Amazon.com: 2 reviews
14 of 16 people found the following review helpful
Why didn't Shiga write any more novels than this? 11 Jan. 1996
By A Customer - Published on Amazon.com
Format: Paperback
Perhaps one of the best of Japan's interwar novels, "A Dark Night.." takes the reader directly into the mind of author Naoya Shiga who lived in similar circumstances with the main character Kensaku.
It is provocative in the way the author makes Kensaku grapple with himself concerning so moral questions that prop up through the course of his adult life until his presumed death at the end.
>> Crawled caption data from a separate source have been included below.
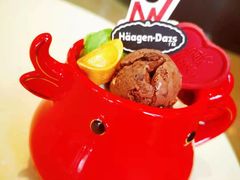 -哈根达斯(武汉天地店)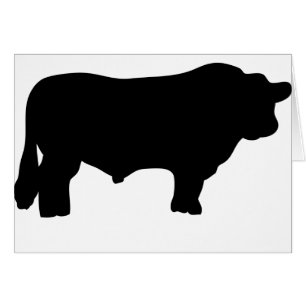 Cartão touro preto grande de angus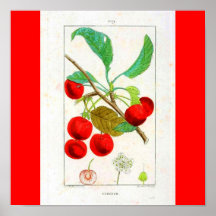 Poster-Botanicals-Cerezas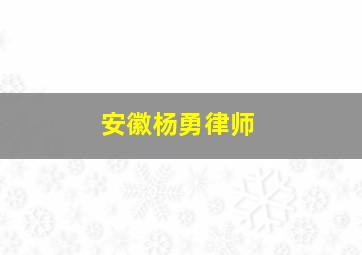 安徽杨勇律师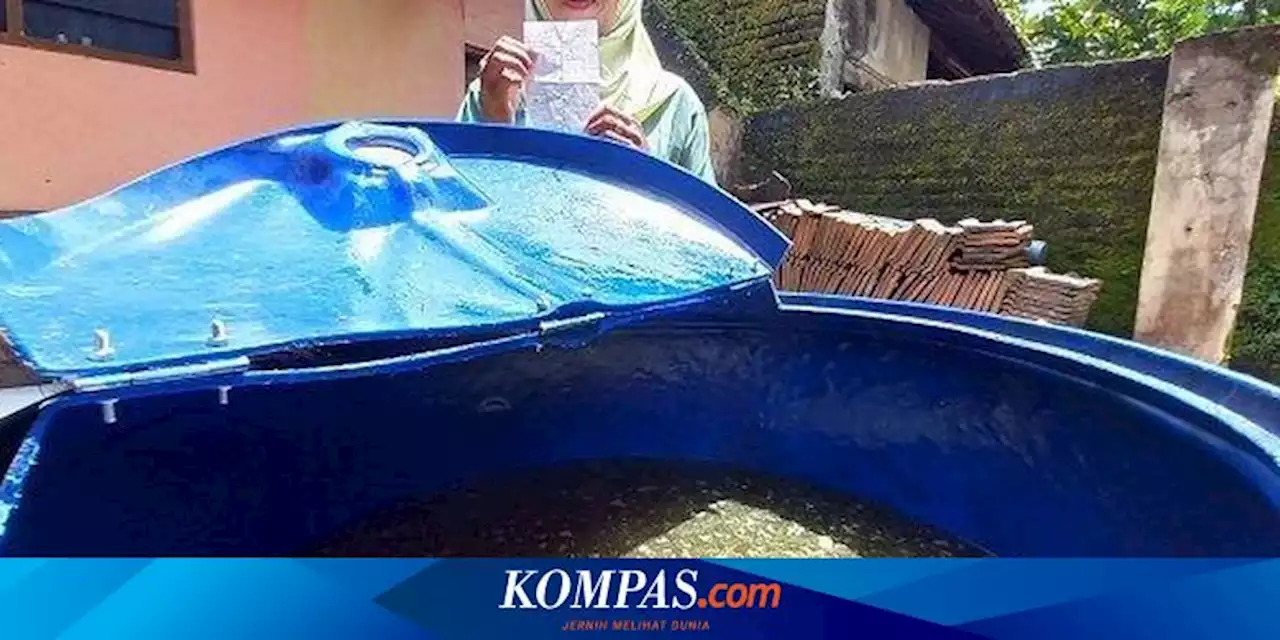 Rawan Minyak Goreng Palsu, Ini Cara Membedakan Minyak Goreng Asli dan Palsu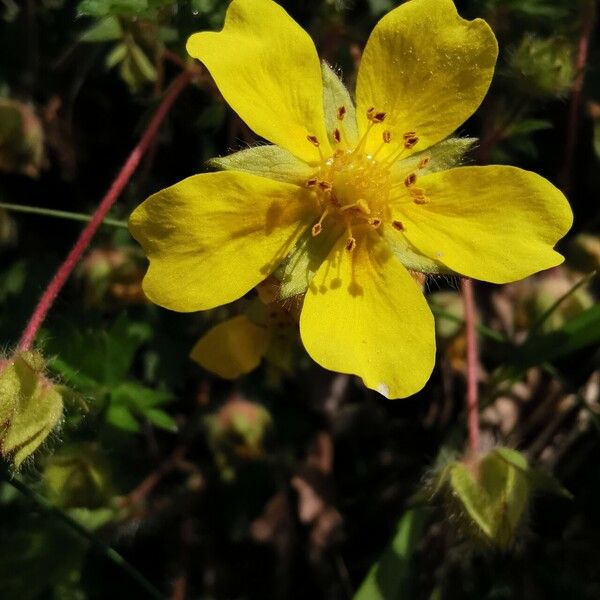 Potentilla heptaphylla Floro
The writer-bohemian Kensaku, who can arguably be taken for the real Naoya Shiga (Edwin McClellan defines this novel as a watakushi-shosetsu in form but not in substance), is at once a critical yet sympathetic description of the modern intellectual who consciensciously takes up both sides of the dilemmas that confront him but inexorably fails to heed his better judgement.
Yet for all his debauchery the reader will most likely be delighted of his almost school-boyish courting of his his future wife and in the end be relieved that it was Naoko and no other who rescued him from his eternal quandary about women (starting from his mother and questionable birth). This novel can in some ways be compared and contrasted to Milan Kundera's "Unbearable Lightness of Being" in its views about women.
Much has been made about the inconclusiveness of this 400-plus paged novel but I am of the opinion that to have dragged on would just have produced redundant statements to the eventual ending.
This novel also provides a very detailed picture of prewar Japan, especially in its desciptions of the old Tokyo quarter (shitamachi) and outlying areas including Yokohama and Kamakura. As Kensaku does a bit of travelling by train and boat from central Honshu to Shikoku and parts of Kyushu, this book may also make for a sort of travel diary. Of particular interest are the descriptions of Onomichi in Hiroshima prefecture and Mt. Daisen in Tottori.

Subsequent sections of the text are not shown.